--- The data ---
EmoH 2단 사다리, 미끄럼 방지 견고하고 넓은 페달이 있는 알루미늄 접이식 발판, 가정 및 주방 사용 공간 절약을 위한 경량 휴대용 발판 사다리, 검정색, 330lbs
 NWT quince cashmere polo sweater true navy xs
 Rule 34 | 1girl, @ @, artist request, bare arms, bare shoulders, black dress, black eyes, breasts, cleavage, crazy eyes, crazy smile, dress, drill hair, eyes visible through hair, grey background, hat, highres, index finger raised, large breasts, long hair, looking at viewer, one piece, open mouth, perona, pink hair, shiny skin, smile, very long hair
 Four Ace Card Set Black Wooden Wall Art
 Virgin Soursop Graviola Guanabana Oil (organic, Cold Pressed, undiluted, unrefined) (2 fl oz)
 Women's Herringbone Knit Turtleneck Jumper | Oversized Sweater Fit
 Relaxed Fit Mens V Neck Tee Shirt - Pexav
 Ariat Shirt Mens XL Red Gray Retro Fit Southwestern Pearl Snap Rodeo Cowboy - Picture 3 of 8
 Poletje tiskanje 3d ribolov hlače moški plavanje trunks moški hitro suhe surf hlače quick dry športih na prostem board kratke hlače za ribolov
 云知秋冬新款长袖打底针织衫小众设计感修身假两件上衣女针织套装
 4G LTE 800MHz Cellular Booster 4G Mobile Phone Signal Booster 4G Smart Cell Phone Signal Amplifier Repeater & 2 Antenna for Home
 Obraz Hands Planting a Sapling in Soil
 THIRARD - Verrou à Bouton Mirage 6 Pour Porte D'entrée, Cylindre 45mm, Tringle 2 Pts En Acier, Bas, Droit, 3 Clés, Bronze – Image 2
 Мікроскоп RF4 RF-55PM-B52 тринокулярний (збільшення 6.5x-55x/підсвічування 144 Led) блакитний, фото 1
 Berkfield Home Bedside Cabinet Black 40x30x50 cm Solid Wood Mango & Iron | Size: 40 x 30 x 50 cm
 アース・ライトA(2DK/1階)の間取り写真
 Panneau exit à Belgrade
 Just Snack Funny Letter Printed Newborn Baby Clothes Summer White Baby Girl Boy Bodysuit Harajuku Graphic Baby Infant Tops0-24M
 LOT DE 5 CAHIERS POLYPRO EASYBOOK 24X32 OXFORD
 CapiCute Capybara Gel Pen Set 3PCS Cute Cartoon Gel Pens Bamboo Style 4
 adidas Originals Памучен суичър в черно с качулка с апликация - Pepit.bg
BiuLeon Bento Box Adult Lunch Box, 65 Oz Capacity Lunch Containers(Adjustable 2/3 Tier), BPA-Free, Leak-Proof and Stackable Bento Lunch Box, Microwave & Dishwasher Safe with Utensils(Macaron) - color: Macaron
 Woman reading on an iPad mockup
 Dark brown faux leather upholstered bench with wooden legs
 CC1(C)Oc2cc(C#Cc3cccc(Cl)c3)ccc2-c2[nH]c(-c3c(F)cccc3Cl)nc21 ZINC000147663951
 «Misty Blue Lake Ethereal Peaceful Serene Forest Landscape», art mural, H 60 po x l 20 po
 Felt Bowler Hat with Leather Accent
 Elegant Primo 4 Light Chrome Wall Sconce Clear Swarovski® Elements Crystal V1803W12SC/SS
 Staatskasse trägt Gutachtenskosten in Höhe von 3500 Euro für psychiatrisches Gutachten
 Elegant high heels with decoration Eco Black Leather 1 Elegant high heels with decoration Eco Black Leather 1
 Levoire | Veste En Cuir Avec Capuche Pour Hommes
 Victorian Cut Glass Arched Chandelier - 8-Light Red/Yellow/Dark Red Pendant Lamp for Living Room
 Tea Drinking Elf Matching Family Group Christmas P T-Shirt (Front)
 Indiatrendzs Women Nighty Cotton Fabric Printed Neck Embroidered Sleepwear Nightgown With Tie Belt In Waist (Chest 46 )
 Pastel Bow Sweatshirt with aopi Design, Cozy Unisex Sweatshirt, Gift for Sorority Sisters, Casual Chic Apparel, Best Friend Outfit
---
(Directions)
All lines of the listing holding the string "Women" must be returned, copied as they stand.

(Written answer)
 Women's Herringbone Knit Turtleneck Jumper | Oversized Sweater Fit
 Indiatrendzs Women Nighty Cotton Fabric Printed Neck Embroidered Sleepwear Nightgown With Tie Belt In Waist (Chest 46 )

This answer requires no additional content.